The elegant left-hander, the last word in nonchalance, who already has his highest test score with this, his 13th hundred, had earlier completed his third consecutive century at the SCG after his twin tons against England in the New Year’s test this time last year. He eventually walked off the ground that he can call his own just five short of what would be his maiden test double-hundred, having eaten up 368 balls and struck 19 fours and a six in an epic innings.
But the plaudits don’t rest only with him. In a command performance by the dominant hosts, Steve Smith went past Sir Donald Bradman’s total of 29 test hundreds with a superb 104 in 192 balls (11×4, 2x6s) as he and Khawaja added 209 for the third wicket in 377 balls.
And if that wasn’t enough for the Proteas to absorb, the super-aggressive Travis Head rubbed salt into an already gaping wound when he smashed 70 in 59 balls (8x4s, 1×6) in a lightning fourth-wicket partnership of 112 in 117 balls with Khawaja. He was eventually well caught on the square leg boundary by substitute fielder Rassie van der Dussen off the bowling of Kagiso Rabada.
It was Rabada’s first wicket of the innings, but he and spinners Keshav Maharaj and Simon Harmer all conceded a century of runs as the Australians ruthlessly built themselves an impregnable position in the match.
Maharaj at least had the consolation of picking up his first wicket of the series when he dismissed Smith — caught and bowled — to pick up the first South African scalp of the day in the afternoon session.
But these were brief flashes of light in the darkness for the South Africans on a day when Australia ruled the roost on a slow, flat pitch that offered little to either the pacemen or the spinners.
Khawaja and Smith resumed on their team’s overnight total of 147 for two in 47 overs and — barring a brief period when drizzle returned which took them off the field for 12 minutes — proceeded without any problems on a pitch that remained slow and without any swing or seam deviations.
Rabada and Anrich Nortje began accurately enough for the tourists, followed by Marco Jansen and Keshav Maharaj. Smith began slowly, taking 13 balls to get off the mark, but he too began to look increasingly comfortable.
The spike in run accumulation was largely through exploiting Maharaj’s innocuous left-arm spin with Khawaja off-driving him for the first six of the match in his second over. The batsmen sought to dominate the spinner.
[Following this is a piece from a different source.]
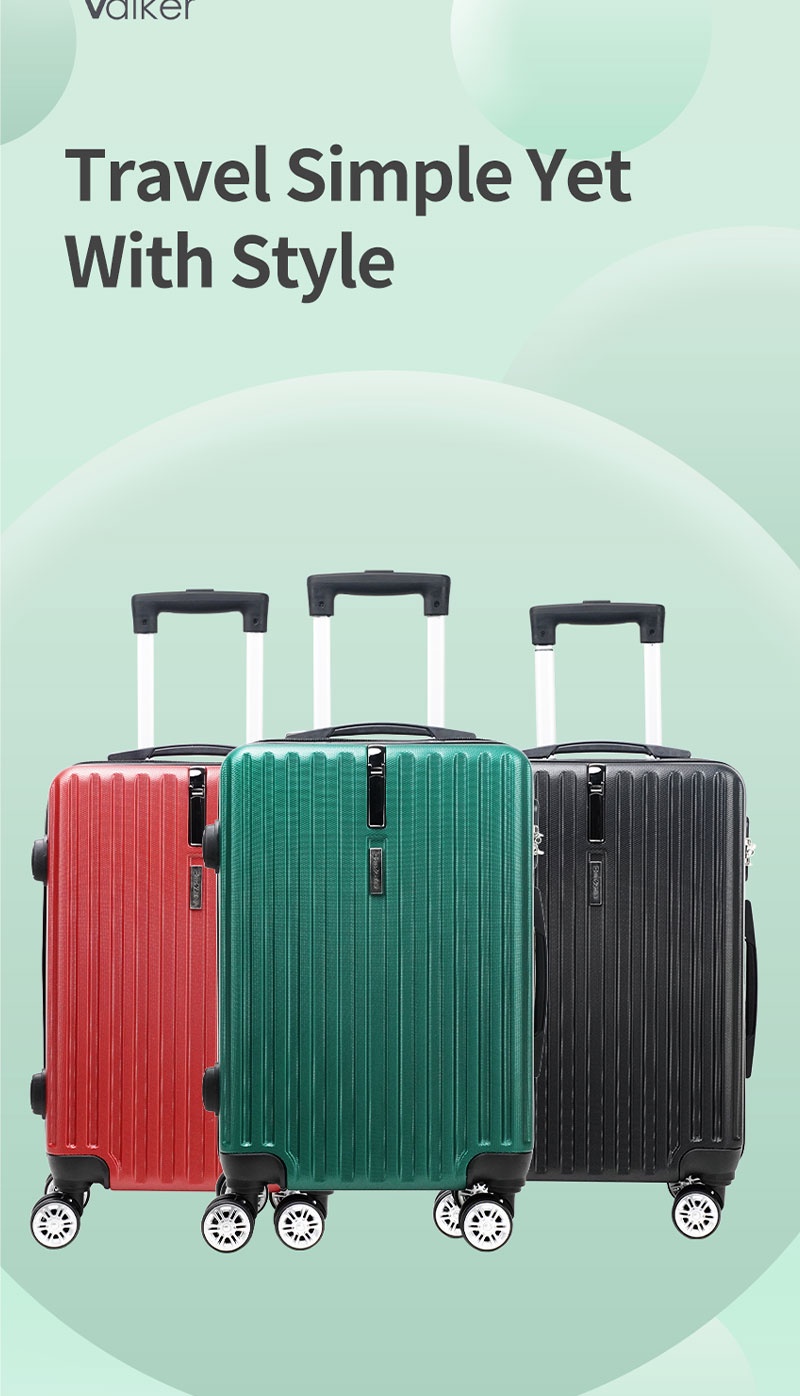 Case Valker Nora ABS 2 in 1 Luggage Bag with Hanger Set Luggage (24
His partner, Harmer, looked more effective, at least getting some slow turn and drift, but it was a tough task for all the bowlers to get anything out of the somewhat turgid but blameless surface.
As the day progressed and the South African attack inevitably tired, the Australians became more aggressive, a process that culminated in Head’s late assault.
In terms of overall figures, only Anrich Nortje can look back on the first two days with much satisfaction, finishing with 2/55 in 22 overs of hard work. — AFP.